Today’s Image of the Day from NASA Earth Observatory features an old area of sea ice breaking up near Land Glacier in West Antarctica. According to NASA, as new ice was forming in March, part of the glacier’s ice tongue crumbled away.
The sea ice around Antarctica is starting to gain momentum after reaching its lowest extent on record in late February 2022.
Michael Lowe is an analyst at the U.S. National Ice Center. He recognized the changes near Land Glacier – part of the Antarctic coastline known as Marie Byrd Land.
“I’ve had my eye on that area over the past two months as a large area of very old fast ice began to break apart,” said Lowe. “When comparing two SAR images from consecutive days I saw that the tip of the Land Glacier was starting to break up.”
An earlier satellite image that was captured in February showed a vast expanse of sea ice fastened to the Land Glacier’s ice tongue and icebergs. Lowe explained that this “fast ice” often has a symbiotic relationship with glaciers and icebergs.
“The glaciers and grounded bergs allow sea ice to accumulate and ‘fast’ in a stable fashion,” said Lowe. “This fast ice then helps anchor those bergs and glaciers as it thickens into old ice over years.”
A recent analysis of satellite observations revealed that fast ice off the coast of Marie Byrd Land, and in other parts of Antarctica as well, has been decreasing since around 2000.
According to Frazer Christie, a glacier geophysicist at the University of Cambridge, the loss of fast ice may have further consequences.
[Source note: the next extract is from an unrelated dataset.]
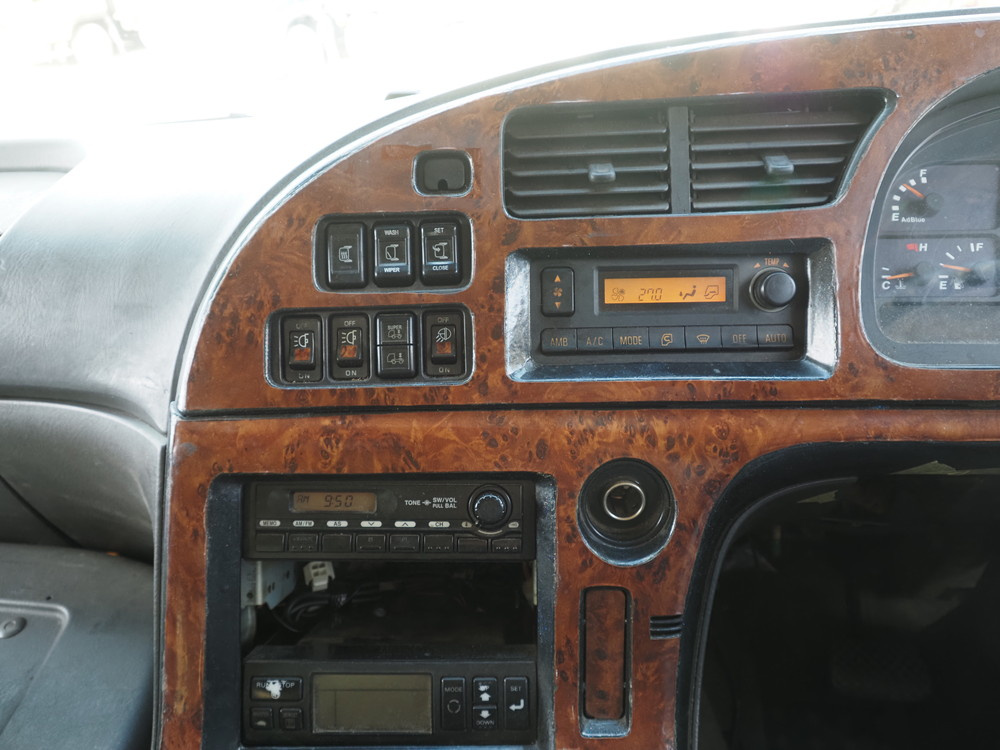 いすゞ ギガ 冷凍バン 大型 QKG-CYL77A 年式 H25[写真32]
It is possible, he said, that the quick evacuation of fast ice between February and March, in addition to the longer-term losses, may have contributed to the rifting and ultimate calving of Land Glacier’s ice tongue.
“An increasing body of research has begun to show the important role sea ice plays in congealing together and buttressing both ice tongues and ice shelves,” said Christie.
“While Land Glacier has been observed to retreat, thin, and speed up in recent years, there is no evidence to suggest that its recent calving is related to anthropogenically forced climate change.” “Instead, its behavior most likely reflects the natural calving lifecycle common to all Antarctic ice shelves and marine terminating glaciers.”
The image was captured on March 23, 2022 by the Moderate Resolution Imaging Spectroradiometer (MODIS) on NASA’s Terra and Aqua satellites.